A small program can be worth a thousand words, so here goes :
static void Main(string[] args)
{
var l1 = new List<int> { 1, 2, 3 };
var l2 = new List<int> { 2, 3, 4 };
var q1 = // or var q1 = l1.Join(l2, i => i, j => j, (i, j) => i);
from i in l1
join j in l2
on i equals j
select i;
var q2 = //or var q2 = l1.SelectMany(i => l2.Where(j => i == j));
from i in l1
from j in l2
where i == j
select i;
var a1 = q1.ToList(); // 2 and 3, as expected
var a2 = q2.ToList(); // 2 and 3, as expected
l2.Remove(2);
var b1 = q1.ToList(); // only 3, as expected
var b2 = q2.ToList(); // only 3, as expected
// now here goes, lets replace l2 alltogether.
// Afterwards, I expected the same result as q1 delivered...
l2 = new List<int> { 2, 3, 4 };
var c1 = q1.ToList(); // only 3 ? Still using the previous reference to l2 ?
var c2 = q2.ToList(); // 2 and 3, as expected
}
Now I know that Join internally uses a lookup class to optimize performance, and without too much knowledge, my guess is that the combination of that with captured variables might cause this behavior, but to say I really understand it, no :-)

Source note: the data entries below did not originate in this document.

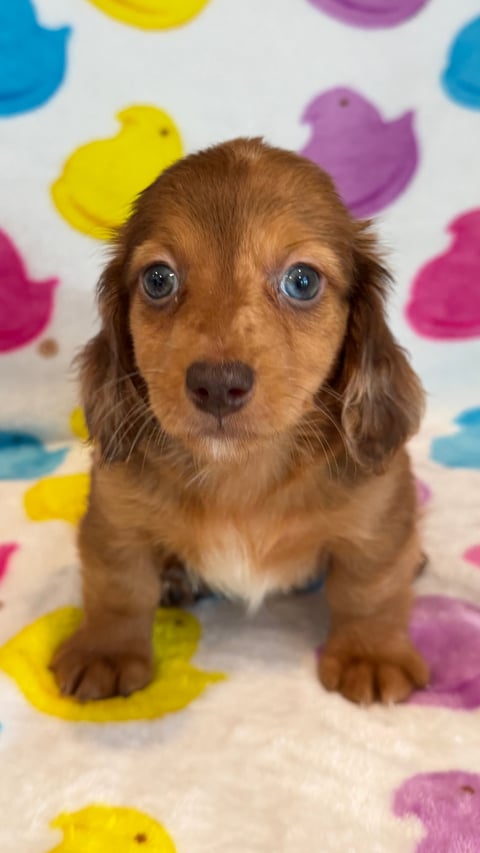 Brown dachshund puppy sitting in front of a white background with colorful duck and bird shaped toys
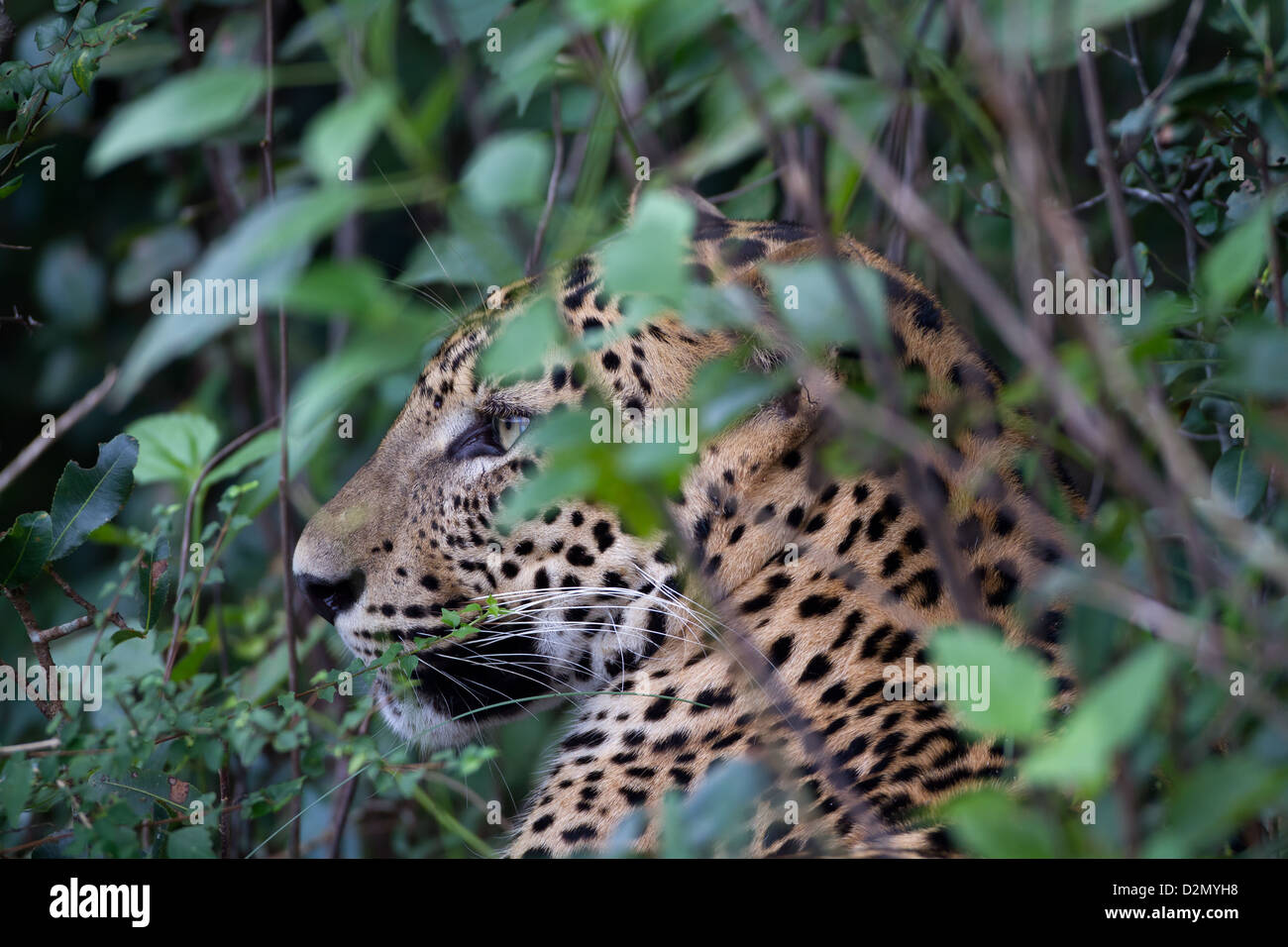 Sri Lanka Leoparden Panthera Pardus Kotiya bei lauert auf Beute versteckt im dichten Busch am Wilpattu NP, Sri Lanka. Stockfoto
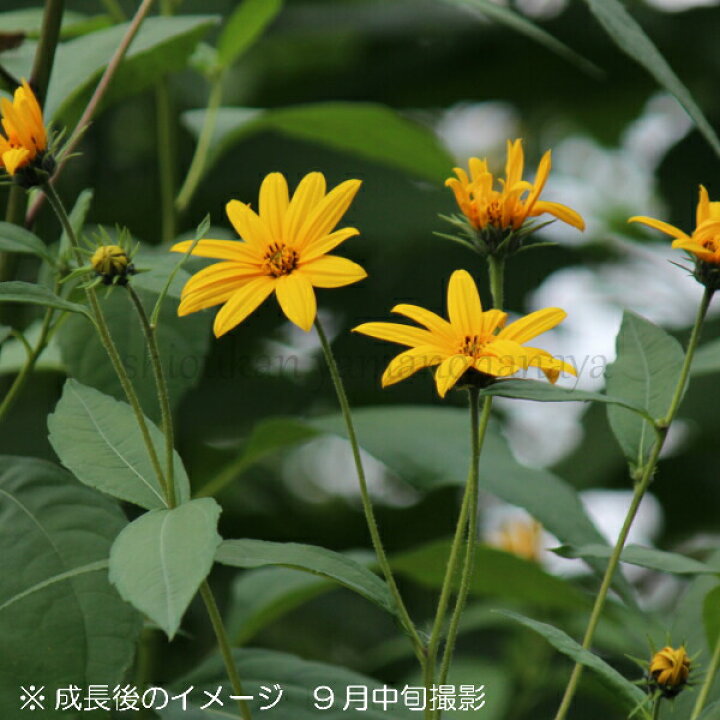 楽天市場 2ポット 岩手県産ムラサキキクイモ 10 5cmポット仮植え苗2ポットセット 赤菊芋 栽培期間中農薬不使用 山菜苗 7 9葉が茂っています 紫桜館 山の花屋 楽天市場店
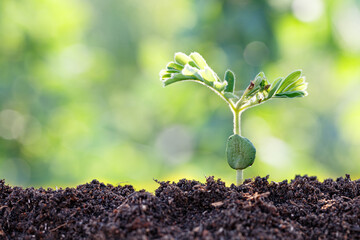 New life concept. Young plant in the morning light on defocused nature background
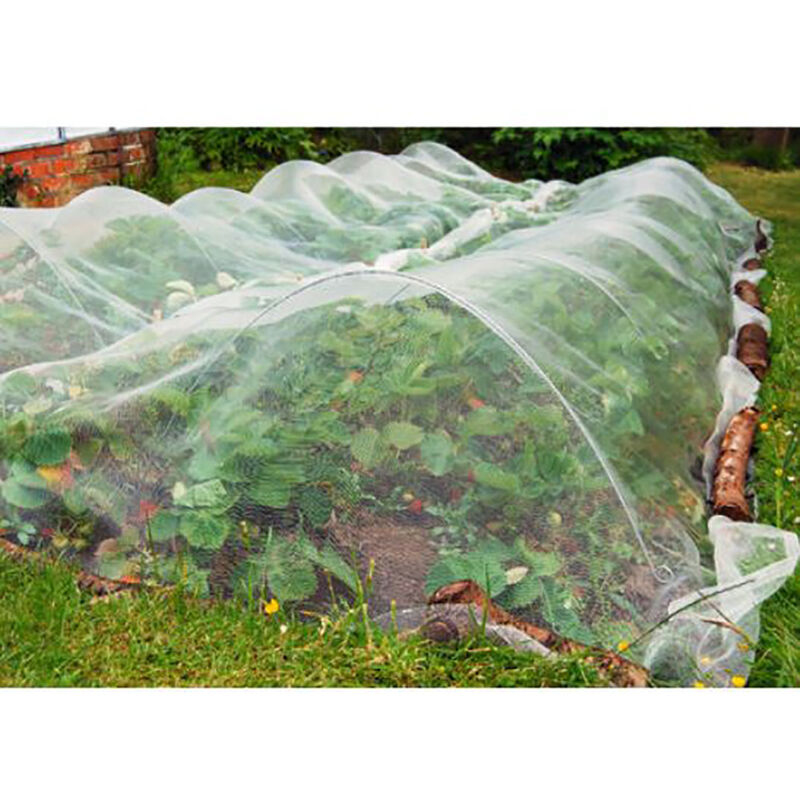 Filet de protection contre les insectes 2,5x10 m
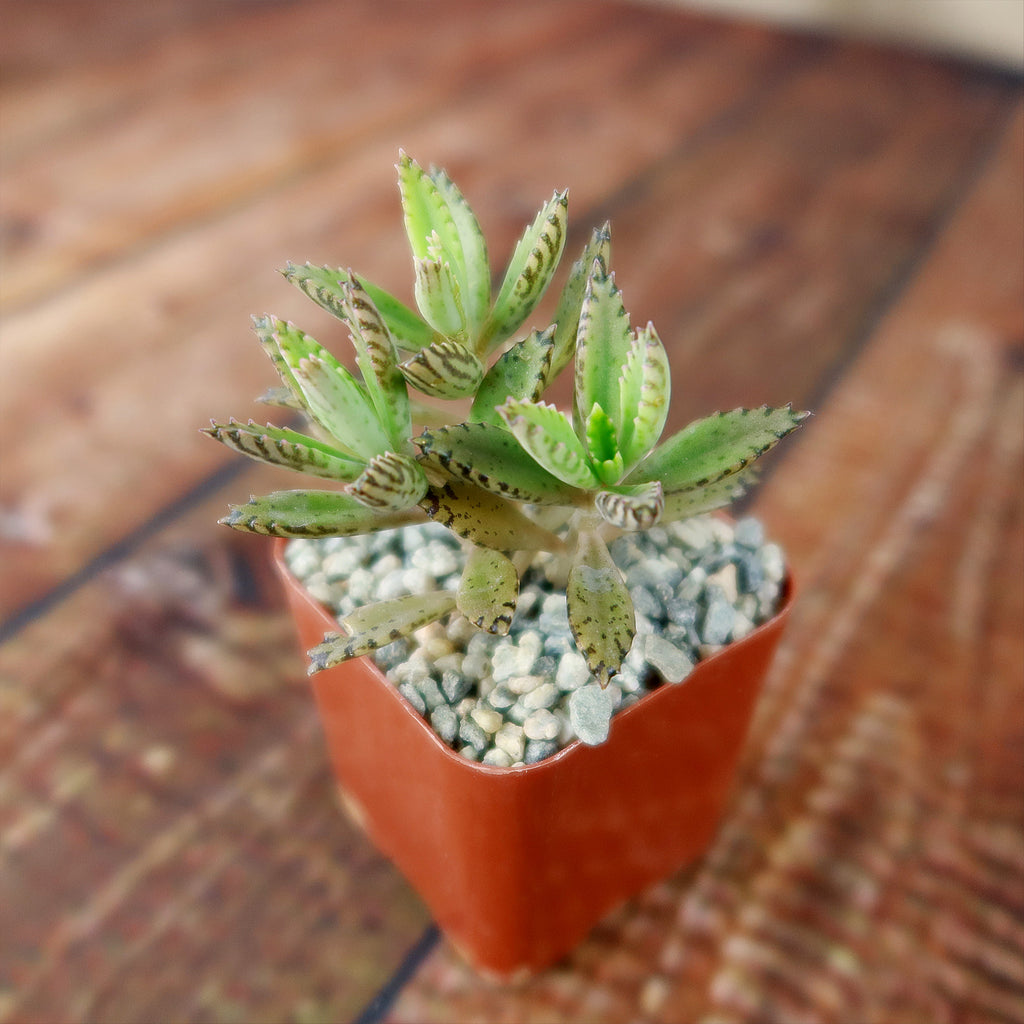 Hybrid Mother of Millions ‘Kalanchoe houghtonii’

Is this an example of what Joel calls "a leaky abstraction" ?
Cheers,
Bart
You're actually nearly there, given your query expansions in the comments:
var q1 = l1.Join(l2, i => i, j => j, (i, j) => i);
var q2 = l1.SelectMany(i => l2.Where(j => i == j));
Look at where l2 is used in each case. In the Join case, the value of l2 is passed into the method immediately. (Remember that the value is a reference to the list though... changing the contents of the list isn't the same as changing the value of l2.) Changing the value of l2 later doesn't affect what the query returned by the Join method remembers.
Now look at SelectManay: l2 is only used in the lambda expression... so it's a captured variable. That means that whenever the lambda expression is evaluated, the value of l2 at that moment in time is used... so it will reflect any changes to the value.